**Work item**
Your answer must be the lines from the one containing "Villa del Remei Vidreres Esterno foto" through the last line below, copied exactly, with no pictures.

Collection entries:
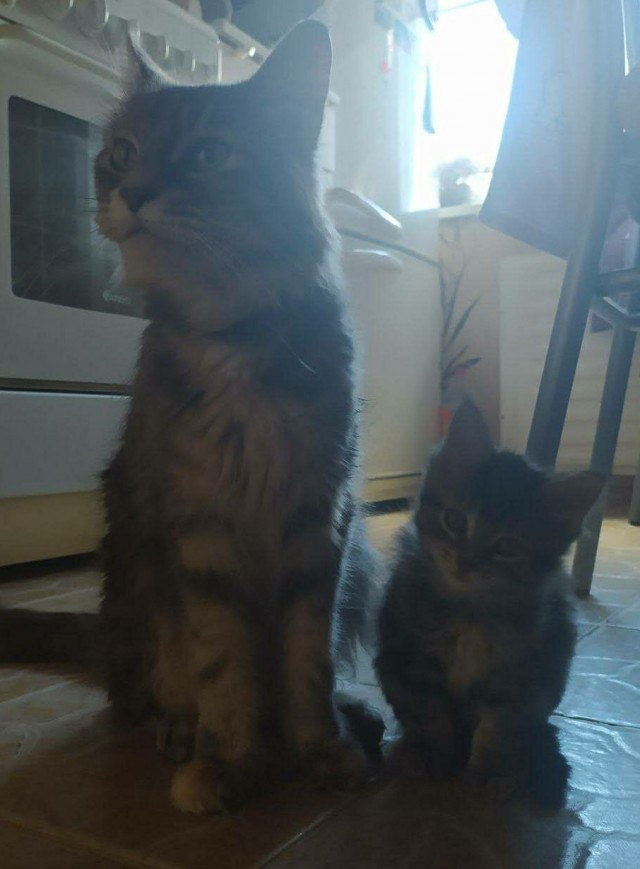 Котовторник 28.09.21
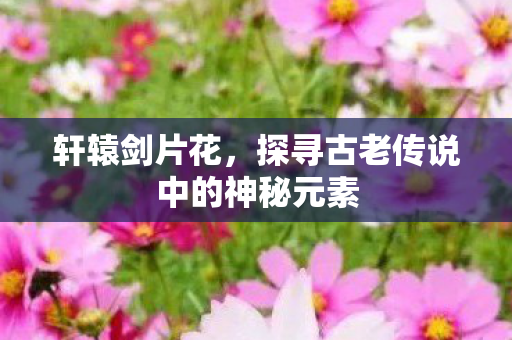 探寻古老传说中的神秘元素图片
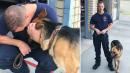 Firefighter Adopts German Shepherd He Rescued From California Wildfires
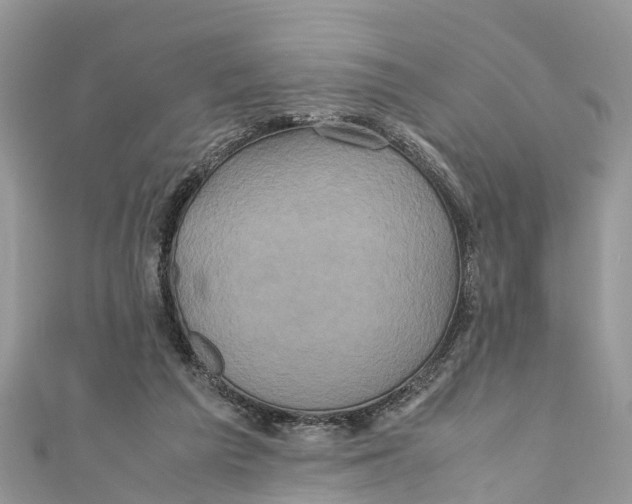 X0000110990209200907171758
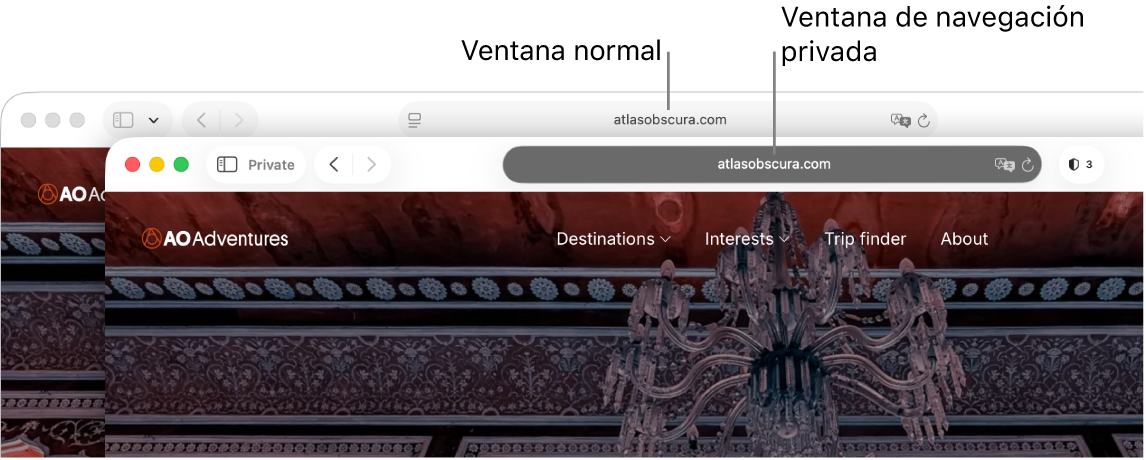 Una ventana privada de Safari con su campo de búsqueda inteligente obscuro y una ventana de Safari normal con su campo de búsqueda inteligente claro.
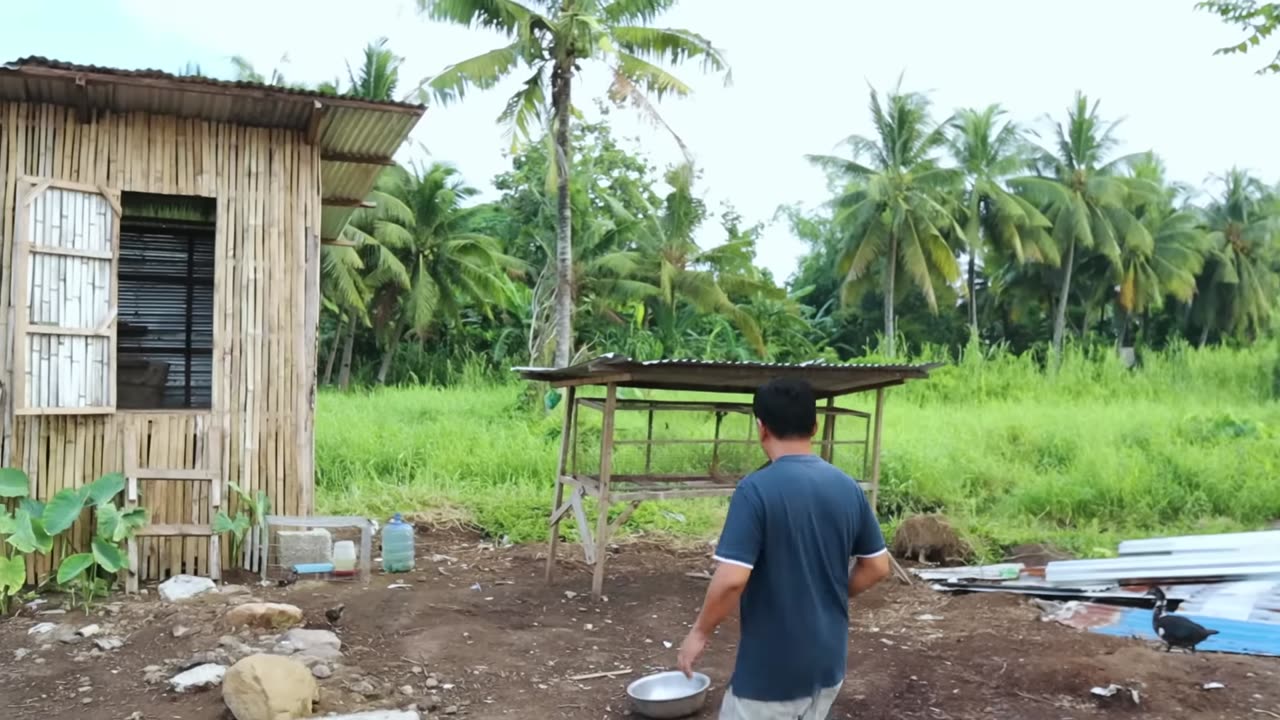 Chicken Eggs Harvest And Feeding Hundreds of Animals - The secret to becoming successful in farming!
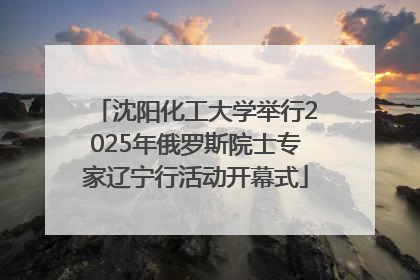沈阳化工大学举行2025年俄罗斯院士专家辽宁行活动开幕式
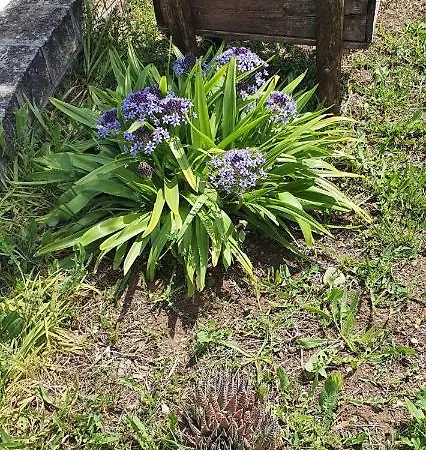 بيت للعطل Leone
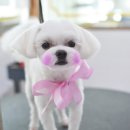 빛나펫살롱 이미지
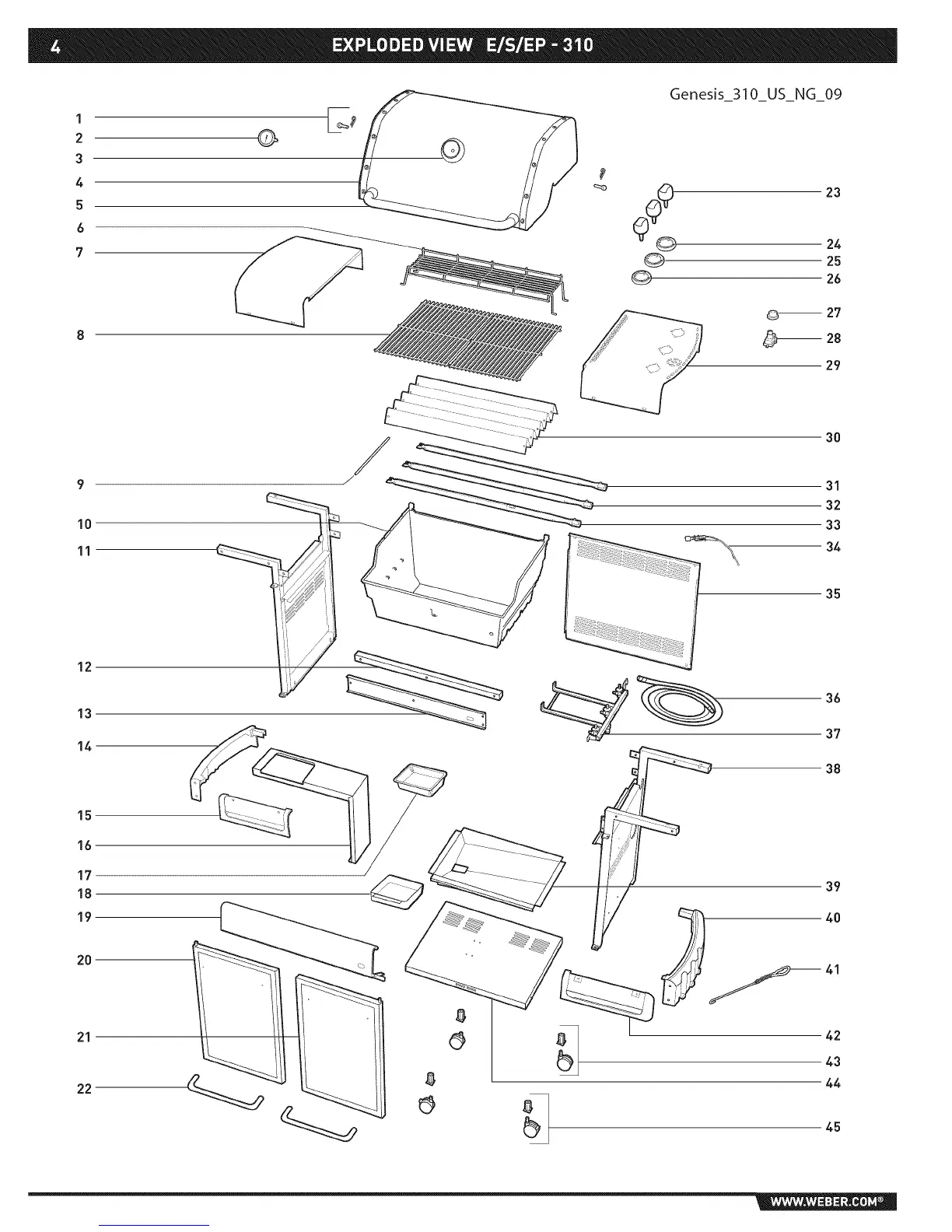 Page #4 background image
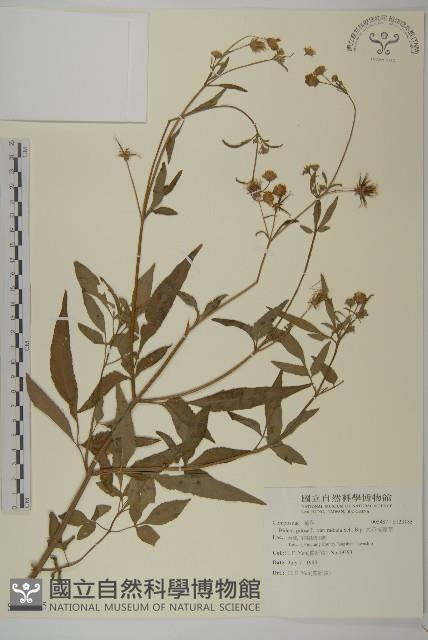 大花咸豐草藏品圖，第1張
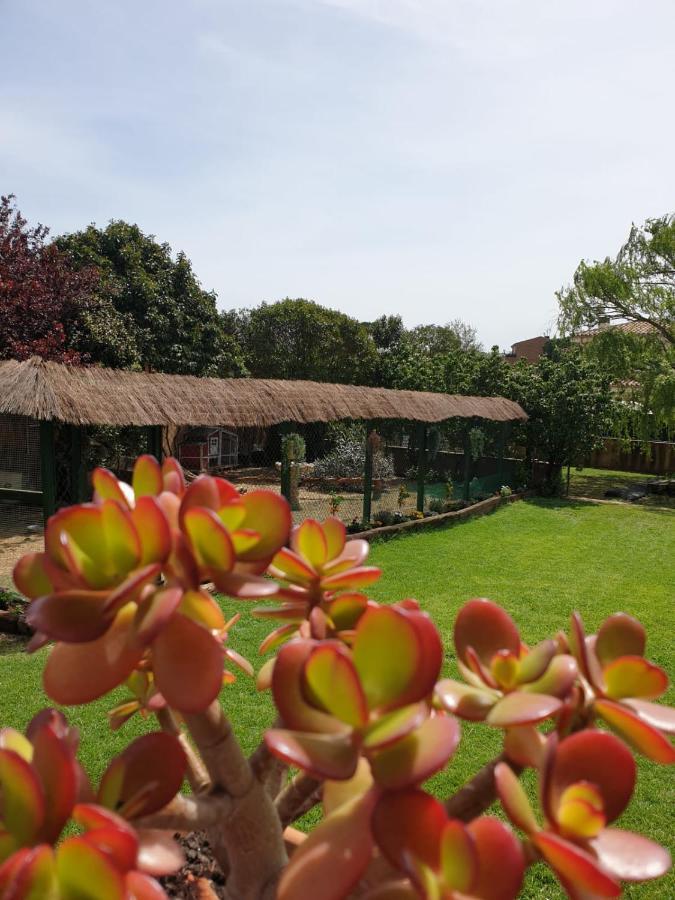 Villa del Remei Vidreres Esterno foto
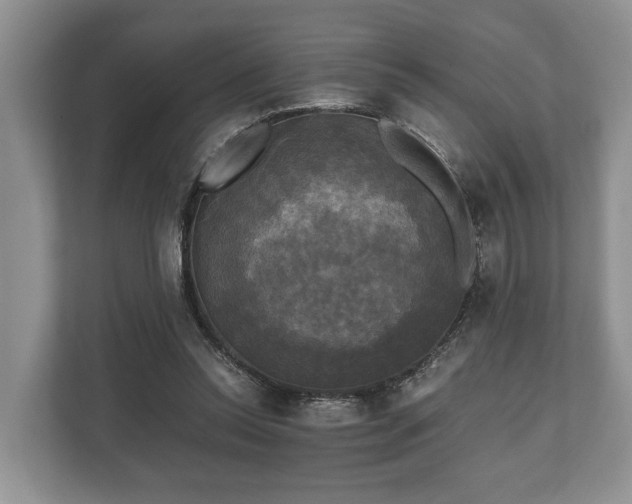 X0000110320350200905281637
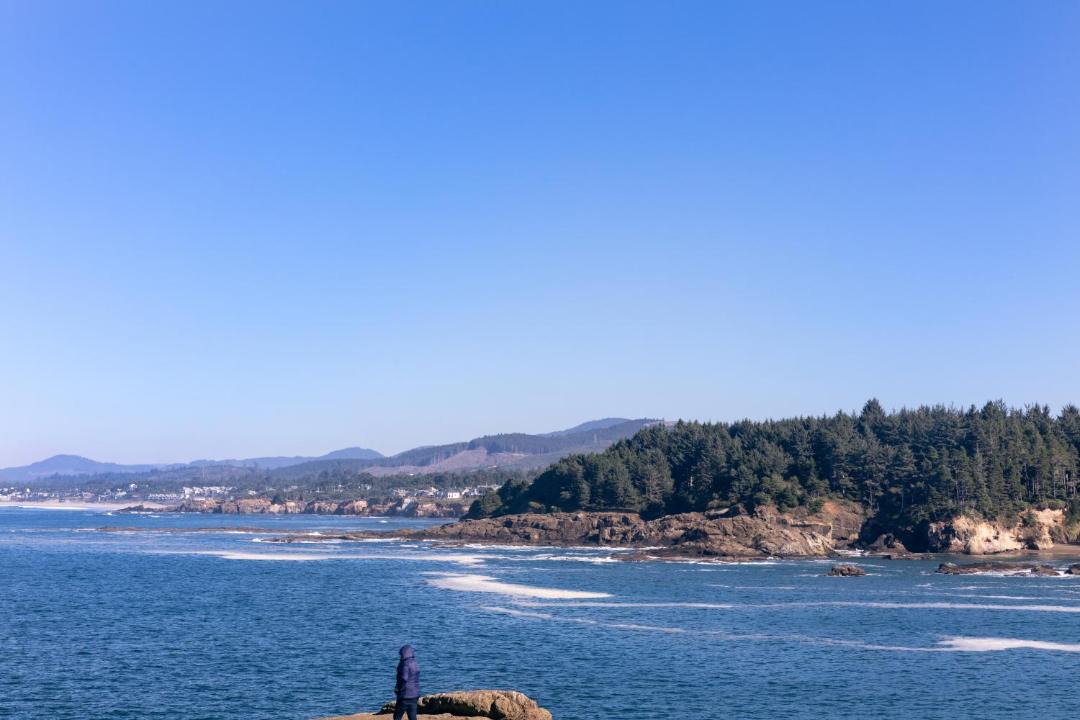 Photo of Others in Depoe Bay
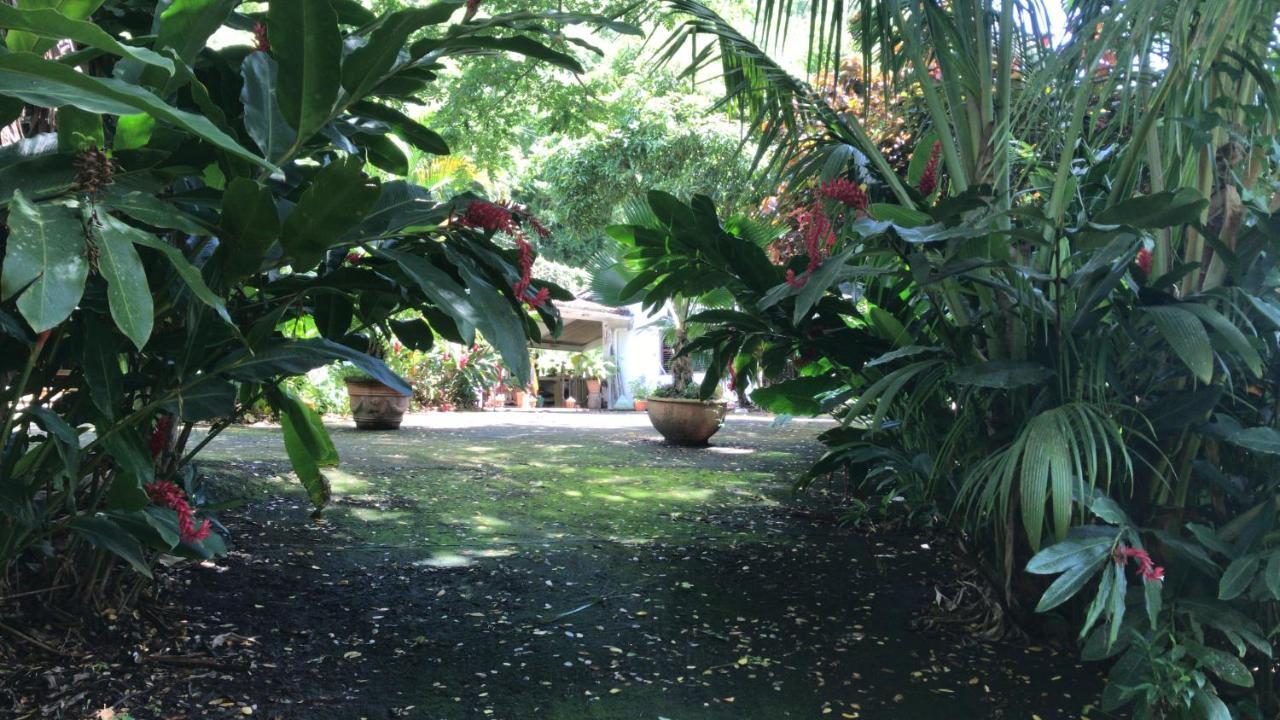 הוילה Canton Suisse Martinique Treehouse מראה חיצוני תמונה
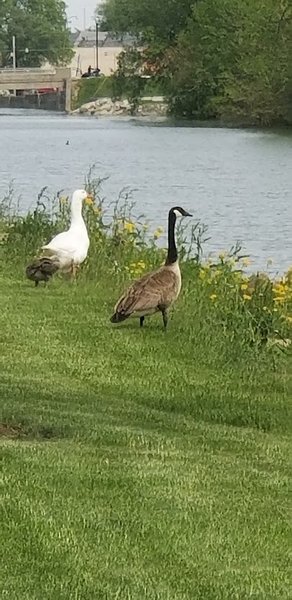 Wapakoneta Waterpark photo 6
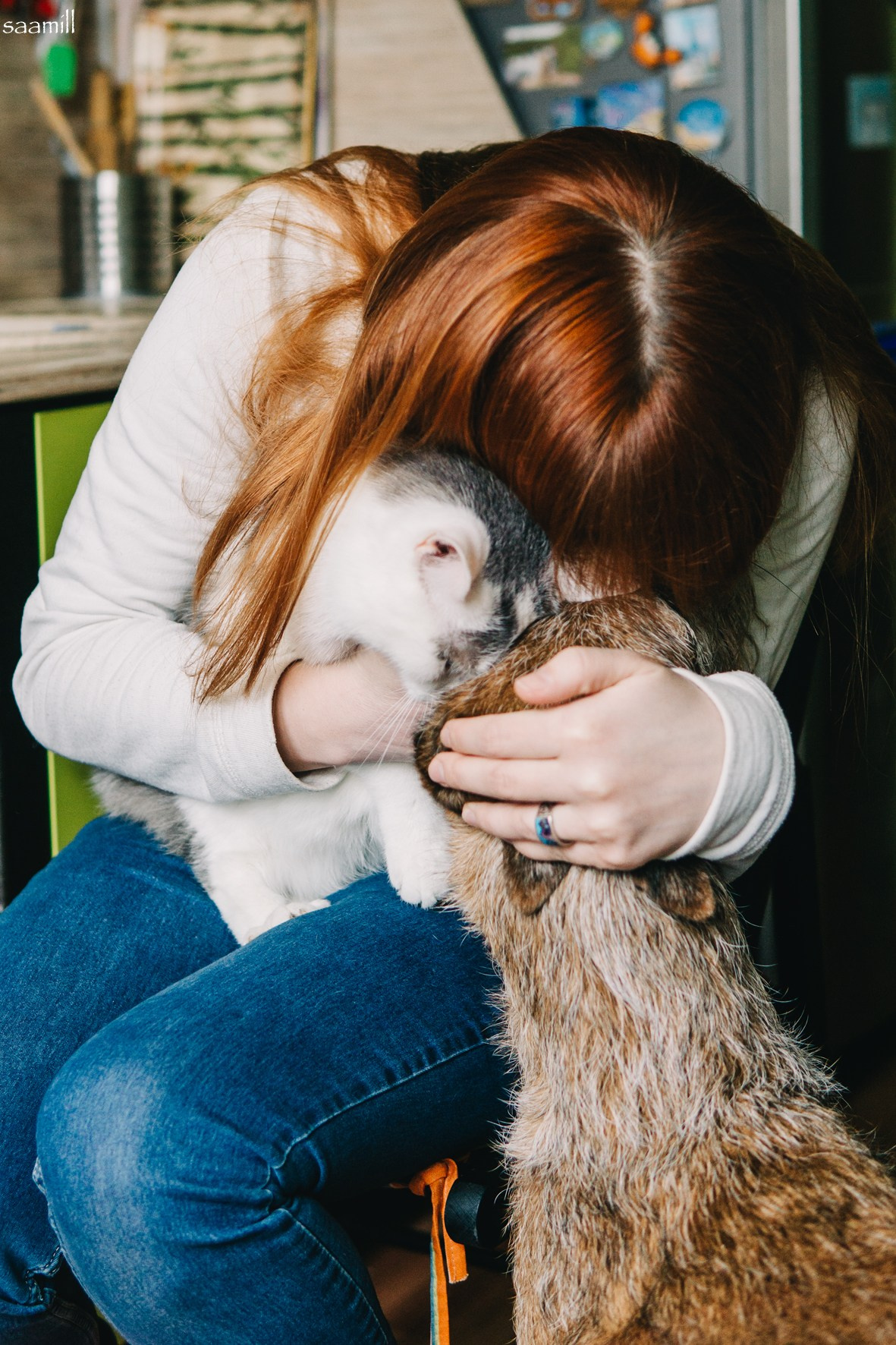 Life with dog. Saamill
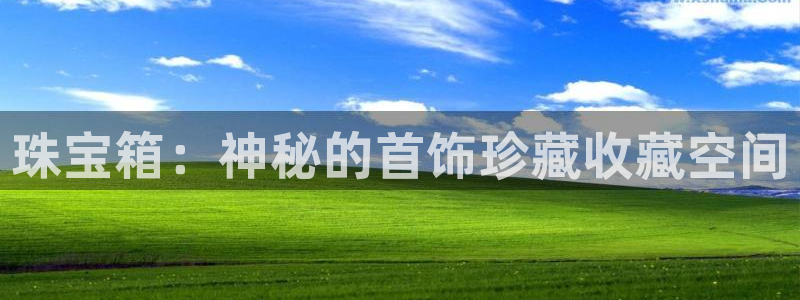 新宝5电脑登录网址：珠宝箱：神秘的首饰珍藏收藏空间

**Finished task**
 Villa del Remei Vidreres Esterno foto
 X0000110320350200905281637
 Photo of Others in Depoe Bay
 הוילה Canton Suisse Martinique Treehouse מראה חיצוני תמונה
 Wapakoneta Waterpark photo 6
 Life with dog. Saamill
 新宝5电脑登录网址：珠宝箱：神秘的首饰珍藏收藏空间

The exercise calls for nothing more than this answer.